On Aug. 14, the Gulf of Maine recorded its single hottest day of the 2020 summer. At 69.85 degrees Fahrenheit, it was a full degree warmer than the pervious record set in 2012, posing problems for marine life and water quality. The Gulf of Maine Research Institute found that marine heatwaves, defined as five or more consecutive days where temperatures are higher than 90 percent of the same calendar days during a 30-year baseline period, have been present at least 81 days a year since 2010.

The rising temperatures on both land and sea have also been coupled with a lack of precipitation further exacerbating the problems. All summerlong, grass turned brown as scant amounts of rain struggled to replenish underlying aquafers. Many parts of the state have experienced extreme drought conditions year after year, making farming more difficult and speeding up the warming of the water.

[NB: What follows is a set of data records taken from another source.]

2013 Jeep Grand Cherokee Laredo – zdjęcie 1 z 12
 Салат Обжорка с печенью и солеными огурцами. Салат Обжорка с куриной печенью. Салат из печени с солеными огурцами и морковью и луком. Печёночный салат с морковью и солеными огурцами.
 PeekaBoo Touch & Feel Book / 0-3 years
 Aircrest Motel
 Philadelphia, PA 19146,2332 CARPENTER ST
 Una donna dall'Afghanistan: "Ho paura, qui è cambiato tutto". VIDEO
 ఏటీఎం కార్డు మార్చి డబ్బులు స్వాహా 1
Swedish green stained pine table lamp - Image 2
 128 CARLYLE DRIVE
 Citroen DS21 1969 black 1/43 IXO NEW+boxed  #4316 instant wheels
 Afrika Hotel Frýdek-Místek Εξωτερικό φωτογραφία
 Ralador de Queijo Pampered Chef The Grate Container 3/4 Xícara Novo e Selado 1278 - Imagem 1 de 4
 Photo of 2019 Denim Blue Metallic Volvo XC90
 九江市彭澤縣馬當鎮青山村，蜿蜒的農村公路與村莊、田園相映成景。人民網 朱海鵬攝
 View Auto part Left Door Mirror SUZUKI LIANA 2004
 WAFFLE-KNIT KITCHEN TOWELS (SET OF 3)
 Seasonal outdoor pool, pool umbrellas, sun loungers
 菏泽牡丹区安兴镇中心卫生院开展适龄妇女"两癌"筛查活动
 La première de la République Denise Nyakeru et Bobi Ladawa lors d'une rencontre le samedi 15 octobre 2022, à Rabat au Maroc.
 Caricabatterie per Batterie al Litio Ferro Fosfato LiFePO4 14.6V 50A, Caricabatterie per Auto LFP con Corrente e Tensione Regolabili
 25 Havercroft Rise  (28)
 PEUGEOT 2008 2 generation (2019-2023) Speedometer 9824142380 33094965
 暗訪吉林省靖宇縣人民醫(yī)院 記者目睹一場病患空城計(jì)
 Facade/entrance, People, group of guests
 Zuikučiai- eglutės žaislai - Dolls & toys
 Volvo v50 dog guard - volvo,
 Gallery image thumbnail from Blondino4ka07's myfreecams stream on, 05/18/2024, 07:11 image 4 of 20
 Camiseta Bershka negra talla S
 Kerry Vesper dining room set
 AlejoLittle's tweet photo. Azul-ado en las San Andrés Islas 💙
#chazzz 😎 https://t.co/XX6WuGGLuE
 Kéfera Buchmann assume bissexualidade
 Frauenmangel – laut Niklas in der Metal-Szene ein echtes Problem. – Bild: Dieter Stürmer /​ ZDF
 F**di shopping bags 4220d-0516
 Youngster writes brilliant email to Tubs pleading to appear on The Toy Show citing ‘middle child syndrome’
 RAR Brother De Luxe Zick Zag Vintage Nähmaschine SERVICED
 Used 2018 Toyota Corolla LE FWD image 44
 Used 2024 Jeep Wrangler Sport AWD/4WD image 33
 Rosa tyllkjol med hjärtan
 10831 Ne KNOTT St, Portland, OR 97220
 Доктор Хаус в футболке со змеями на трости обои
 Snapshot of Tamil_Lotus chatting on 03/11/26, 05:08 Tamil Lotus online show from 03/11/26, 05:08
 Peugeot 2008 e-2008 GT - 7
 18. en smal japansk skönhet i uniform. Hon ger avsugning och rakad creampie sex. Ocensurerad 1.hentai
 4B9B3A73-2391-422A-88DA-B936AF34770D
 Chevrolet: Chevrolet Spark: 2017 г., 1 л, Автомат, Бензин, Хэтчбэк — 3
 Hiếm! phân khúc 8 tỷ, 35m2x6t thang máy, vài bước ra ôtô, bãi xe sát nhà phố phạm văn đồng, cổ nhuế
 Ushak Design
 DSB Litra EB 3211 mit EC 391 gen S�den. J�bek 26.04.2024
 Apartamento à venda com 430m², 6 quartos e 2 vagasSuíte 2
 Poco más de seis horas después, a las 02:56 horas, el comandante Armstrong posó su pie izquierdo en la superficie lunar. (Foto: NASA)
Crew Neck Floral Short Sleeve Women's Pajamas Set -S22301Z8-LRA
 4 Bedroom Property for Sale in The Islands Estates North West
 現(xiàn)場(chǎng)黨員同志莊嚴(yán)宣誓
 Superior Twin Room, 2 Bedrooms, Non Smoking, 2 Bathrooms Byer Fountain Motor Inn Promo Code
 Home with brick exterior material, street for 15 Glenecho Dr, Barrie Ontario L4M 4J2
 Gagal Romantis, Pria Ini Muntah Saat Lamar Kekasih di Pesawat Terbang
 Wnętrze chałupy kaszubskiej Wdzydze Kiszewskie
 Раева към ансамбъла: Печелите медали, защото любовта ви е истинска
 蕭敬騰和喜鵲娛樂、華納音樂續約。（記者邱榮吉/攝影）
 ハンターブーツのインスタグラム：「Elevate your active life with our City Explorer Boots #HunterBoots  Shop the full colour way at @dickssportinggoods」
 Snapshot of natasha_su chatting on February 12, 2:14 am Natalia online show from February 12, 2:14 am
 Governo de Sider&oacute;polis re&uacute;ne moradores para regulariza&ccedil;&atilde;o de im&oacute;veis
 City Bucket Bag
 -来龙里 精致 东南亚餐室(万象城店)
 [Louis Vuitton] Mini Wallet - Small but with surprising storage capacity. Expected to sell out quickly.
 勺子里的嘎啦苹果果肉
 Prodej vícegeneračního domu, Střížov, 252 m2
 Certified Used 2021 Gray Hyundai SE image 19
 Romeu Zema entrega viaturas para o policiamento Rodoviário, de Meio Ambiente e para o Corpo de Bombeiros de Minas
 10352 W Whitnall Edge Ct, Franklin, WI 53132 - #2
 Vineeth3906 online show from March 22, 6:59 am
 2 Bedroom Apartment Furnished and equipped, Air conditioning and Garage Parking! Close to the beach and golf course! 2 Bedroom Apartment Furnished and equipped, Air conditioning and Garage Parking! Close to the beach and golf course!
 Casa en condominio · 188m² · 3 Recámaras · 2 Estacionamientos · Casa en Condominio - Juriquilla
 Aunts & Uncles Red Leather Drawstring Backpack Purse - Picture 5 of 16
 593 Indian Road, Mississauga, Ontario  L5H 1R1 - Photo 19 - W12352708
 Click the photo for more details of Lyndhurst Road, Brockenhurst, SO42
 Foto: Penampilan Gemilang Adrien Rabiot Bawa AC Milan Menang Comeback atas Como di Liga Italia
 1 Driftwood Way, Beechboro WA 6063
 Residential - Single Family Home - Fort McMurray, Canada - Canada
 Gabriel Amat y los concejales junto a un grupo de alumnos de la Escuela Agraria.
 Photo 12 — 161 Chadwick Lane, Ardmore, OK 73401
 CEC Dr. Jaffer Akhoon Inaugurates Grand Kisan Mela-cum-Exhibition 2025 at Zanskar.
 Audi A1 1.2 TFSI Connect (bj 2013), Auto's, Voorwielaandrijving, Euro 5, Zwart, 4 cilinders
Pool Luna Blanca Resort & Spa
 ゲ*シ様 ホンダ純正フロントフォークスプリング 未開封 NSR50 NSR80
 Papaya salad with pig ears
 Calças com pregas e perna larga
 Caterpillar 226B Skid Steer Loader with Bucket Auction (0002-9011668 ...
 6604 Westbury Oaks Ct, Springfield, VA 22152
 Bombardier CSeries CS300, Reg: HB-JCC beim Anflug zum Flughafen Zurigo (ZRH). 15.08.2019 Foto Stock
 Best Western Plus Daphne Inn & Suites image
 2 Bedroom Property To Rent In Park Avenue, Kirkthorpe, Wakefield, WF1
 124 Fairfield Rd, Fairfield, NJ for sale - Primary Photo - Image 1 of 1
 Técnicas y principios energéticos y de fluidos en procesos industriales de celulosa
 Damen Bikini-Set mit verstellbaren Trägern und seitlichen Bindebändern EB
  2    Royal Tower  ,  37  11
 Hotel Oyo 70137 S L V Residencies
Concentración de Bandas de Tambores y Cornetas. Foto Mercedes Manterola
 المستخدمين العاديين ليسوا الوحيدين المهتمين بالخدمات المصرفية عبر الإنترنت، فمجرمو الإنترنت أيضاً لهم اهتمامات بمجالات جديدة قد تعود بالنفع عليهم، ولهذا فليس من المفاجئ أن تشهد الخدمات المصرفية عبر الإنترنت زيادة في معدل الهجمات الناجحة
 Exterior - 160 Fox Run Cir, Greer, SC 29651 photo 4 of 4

While increased temperatures can lead to many slow and nuanced changes in the environment, a lack of sustained cold can have obvious implications for outdoor activities as fewer lakes freeze and snow falls less often. Many Mainers have likely noticed that winter ice conditions have been less and less favorable over the past few years, resulting in the canceling of ice fishing derbies and a reduction of safe ice days overall.

One warm year can happen, but sustained warming is cause for concern.

It is time to tackle climate change head on by putting in place strong regulations that cap greenhouse gases and reduce the creation of environmental toxins. Over the past year as we’ve gone deeper into a pandemic, we have only increased our reliance on single-use plastics at a time when many states, like Maine, were on the cusp of banning items such as Styrofoam and disposable plastic bags.

While it may be easier to kick the can down the road and continue to delay the implementation of plastic bag and polystyrene bans, the consequences to future generations will undoubtedly be grave. We owe it to them to radically change our approach to the environment and to the climate before it is too late.